African wheat:
Twelve countries in Africa have been studied and together they produce about 25 million tons of wheat a year.  (Trend Watch NATURE vol. 490 no. 7419 October 11, 1012 page 149)  The population of Africa is a little over a billion.  The article did not mention just which countries were referred to, but for rough calculation we shall assume that their combined population is about a half billion, recognizing that our estimates may be off by a factor of two.  Those same countries consume about 50 million tons of wheat a year.  The amounts of both have increased a lot over the past fifty years and the ratio has been fairly constant.

Compare that with the annual wheat production in the United States production of about 60 million tons a year.  Africa is a major producer as well as a major consumer of wheat.  When one thinks of US wheat one imagines wheat fields in the Midwest stretching to the horizon and giant combines reaping.  One thinks of irrigation using fossil water that is not going to be replaced and using highly evolved strains of wheat, massive fertilization and every other high tech trick applicable.  Yes, we produce a lot of wheat.  But Africa does, too.  Assuming that fifty percent of Africa or five hundred million people are producing less than half what the US produces with the US having 300 million people, and our per-capita production is not to be scorned.  It is obvious why we use all those tricks.

So if 50 million tons, or 100 billion pounds of wheat are being divided by 500 million people, that should come out to 200 pounds per person per year.  We shall assume that what rots in the fields, which happens everywhere that wheat is grown, has been excluded, the average person has about half a pound of wheat a day.  That should be about 360 kilocalories a day.   If an active man in his prime burns 2400 kilocalories then that much bread alone should provide him with 1/7th of his needs.  Others of course need less.  What is locally produced would then be about 7% of his needs. 
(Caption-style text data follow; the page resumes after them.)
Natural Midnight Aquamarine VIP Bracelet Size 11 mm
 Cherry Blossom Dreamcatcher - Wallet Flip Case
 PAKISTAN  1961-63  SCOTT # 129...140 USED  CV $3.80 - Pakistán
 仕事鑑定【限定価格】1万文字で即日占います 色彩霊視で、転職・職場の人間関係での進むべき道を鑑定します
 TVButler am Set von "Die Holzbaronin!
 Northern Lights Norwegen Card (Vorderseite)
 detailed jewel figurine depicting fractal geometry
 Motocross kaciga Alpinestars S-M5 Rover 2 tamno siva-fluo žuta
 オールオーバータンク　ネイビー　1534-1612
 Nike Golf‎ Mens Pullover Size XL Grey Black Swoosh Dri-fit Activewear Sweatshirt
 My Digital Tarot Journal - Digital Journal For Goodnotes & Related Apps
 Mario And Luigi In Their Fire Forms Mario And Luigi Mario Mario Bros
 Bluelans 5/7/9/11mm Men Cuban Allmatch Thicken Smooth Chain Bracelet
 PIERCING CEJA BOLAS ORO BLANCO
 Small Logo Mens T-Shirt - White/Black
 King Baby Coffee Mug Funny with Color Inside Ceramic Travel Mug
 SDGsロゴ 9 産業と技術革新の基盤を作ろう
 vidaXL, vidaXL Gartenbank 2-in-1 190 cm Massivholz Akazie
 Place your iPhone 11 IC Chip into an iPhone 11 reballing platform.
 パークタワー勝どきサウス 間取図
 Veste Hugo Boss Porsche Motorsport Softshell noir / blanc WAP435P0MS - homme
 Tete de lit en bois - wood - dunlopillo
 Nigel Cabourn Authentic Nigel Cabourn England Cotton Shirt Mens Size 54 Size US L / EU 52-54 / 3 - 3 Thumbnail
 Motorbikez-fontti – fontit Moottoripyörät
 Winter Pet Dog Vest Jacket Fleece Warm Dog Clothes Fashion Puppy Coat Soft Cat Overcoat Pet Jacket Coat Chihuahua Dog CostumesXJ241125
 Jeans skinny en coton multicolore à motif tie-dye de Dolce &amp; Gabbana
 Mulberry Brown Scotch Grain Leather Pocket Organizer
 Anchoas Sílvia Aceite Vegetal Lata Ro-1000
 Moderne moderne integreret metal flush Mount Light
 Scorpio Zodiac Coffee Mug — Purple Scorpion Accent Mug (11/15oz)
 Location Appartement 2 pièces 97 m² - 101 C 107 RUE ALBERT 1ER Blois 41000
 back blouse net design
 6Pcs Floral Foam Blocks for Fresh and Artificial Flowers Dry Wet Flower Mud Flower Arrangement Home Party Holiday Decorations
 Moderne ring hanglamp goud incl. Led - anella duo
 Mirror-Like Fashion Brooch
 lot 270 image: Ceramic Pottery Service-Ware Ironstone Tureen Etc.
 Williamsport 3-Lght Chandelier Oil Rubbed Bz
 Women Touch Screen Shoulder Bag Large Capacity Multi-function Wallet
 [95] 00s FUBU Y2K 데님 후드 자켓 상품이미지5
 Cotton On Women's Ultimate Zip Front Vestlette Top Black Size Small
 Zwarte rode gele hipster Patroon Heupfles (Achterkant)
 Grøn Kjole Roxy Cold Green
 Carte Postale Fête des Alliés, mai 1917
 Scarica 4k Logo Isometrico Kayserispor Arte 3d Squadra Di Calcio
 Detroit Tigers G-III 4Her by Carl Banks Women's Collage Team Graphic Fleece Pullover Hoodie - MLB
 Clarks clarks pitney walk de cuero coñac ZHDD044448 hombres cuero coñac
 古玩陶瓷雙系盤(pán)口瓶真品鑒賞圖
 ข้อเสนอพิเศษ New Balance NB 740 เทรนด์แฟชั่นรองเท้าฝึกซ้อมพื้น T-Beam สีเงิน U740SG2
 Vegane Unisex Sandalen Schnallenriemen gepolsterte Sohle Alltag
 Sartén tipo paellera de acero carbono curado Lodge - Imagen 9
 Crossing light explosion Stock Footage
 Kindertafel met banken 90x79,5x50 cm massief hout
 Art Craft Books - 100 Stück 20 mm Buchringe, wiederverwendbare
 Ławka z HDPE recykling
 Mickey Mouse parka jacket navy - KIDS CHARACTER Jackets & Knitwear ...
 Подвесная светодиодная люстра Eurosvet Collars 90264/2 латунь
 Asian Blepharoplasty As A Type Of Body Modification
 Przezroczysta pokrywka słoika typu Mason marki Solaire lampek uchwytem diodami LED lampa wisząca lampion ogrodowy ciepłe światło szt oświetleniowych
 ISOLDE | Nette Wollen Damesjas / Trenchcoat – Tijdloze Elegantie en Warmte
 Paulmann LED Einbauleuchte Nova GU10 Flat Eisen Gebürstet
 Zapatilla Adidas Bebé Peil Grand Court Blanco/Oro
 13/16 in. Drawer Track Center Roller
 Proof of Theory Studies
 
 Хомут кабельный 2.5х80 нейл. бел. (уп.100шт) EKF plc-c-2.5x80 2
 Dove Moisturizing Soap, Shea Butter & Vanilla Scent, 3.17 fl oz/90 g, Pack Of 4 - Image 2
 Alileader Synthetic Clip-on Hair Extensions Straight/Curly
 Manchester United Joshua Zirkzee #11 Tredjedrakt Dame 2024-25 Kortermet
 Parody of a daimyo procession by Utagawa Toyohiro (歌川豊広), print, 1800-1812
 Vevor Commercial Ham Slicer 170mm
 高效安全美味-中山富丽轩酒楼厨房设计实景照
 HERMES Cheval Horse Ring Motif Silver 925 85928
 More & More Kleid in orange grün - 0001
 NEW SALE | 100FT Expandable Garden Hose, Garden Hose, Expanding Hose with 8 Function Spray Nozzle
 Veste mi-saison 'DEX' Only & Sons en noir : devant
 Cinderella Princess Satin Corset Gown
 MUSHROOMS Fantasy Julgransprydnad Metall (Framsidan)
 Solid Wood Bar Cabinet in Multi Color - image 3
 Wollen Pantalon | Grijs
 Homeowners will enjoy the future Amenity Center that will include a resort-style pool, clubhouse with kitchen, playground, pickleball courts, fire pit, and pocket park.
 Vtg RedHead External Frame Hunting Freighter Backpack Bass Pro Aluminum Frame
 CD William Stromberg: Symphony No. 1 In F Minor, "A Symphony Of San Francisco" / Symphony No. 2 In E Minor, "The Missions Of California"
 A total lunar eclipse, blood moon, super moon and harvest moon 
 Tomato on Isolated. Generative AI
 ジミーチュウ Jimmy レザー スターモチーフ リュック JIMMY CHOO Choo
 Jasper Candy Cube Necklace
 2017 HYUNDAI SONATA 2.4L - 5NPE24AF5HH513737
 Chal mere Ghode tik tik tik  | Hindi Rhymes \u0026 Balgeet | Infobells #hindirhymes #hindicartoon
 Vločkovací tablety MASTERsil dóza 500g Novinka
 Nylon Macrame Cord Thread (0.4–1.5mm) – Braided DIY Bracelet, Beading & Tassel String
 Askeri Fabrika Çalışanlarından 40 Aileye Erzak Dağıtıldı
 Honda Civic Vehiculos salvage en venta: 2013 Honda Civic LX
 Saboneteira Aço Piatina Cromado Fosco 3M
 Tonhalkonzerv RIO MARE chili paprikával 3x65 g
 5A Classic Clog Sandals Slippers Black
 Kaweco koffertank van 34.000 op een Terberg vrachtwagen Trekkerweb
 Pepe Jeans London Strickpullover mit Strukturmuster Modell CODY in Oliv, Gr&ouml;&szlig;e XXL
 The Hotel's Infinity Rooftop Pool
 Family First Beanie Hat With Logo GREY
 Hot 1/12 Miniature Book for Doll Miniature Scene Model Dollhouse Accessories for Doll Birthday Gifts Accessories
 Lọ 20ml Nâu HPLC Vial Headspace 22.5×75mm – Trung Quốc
A straight bread diet is hardly a balanced one, but calories are a good place to start.  It would be nice to increase that amount of food value.  Of course one imagines introducing snorting combines, diesel oil, high end seed stocks, massive fertilization and irrigation.  But that is not the only way.

According to the article they have found that wheat is produced in 10 to 25% of the land where it could be grown without irrigation.  (Emphasis mine.)  Call it 20%.  In other words that 7% could be increased to 35% using no new irrigation and no methods that are not already being used.  That would make the difference between marginal nutrition and adequate nutrition for a lot of people.

Of course there are health problems and political problems in Africa that need to be addressed.  But in terms of feeding the population there is a lot of reserve.

This greatly relieves my mind.  I have long thought that Africa, still thought to be the original home of our species, is our species’ best hope for continued fertility.  If there is anywhere that fertility can be stabilized it is Africa.  Others are facing plummeting birth rates or are already below a birth rate that they (we) can survive.  But I have been nagged by the question, “In the short run, there is great suffering there.  In the long run perhaps this can all be worked out.  But in the intermediate future, how can you feed those children?”  Now there is an answer.  Farm more land.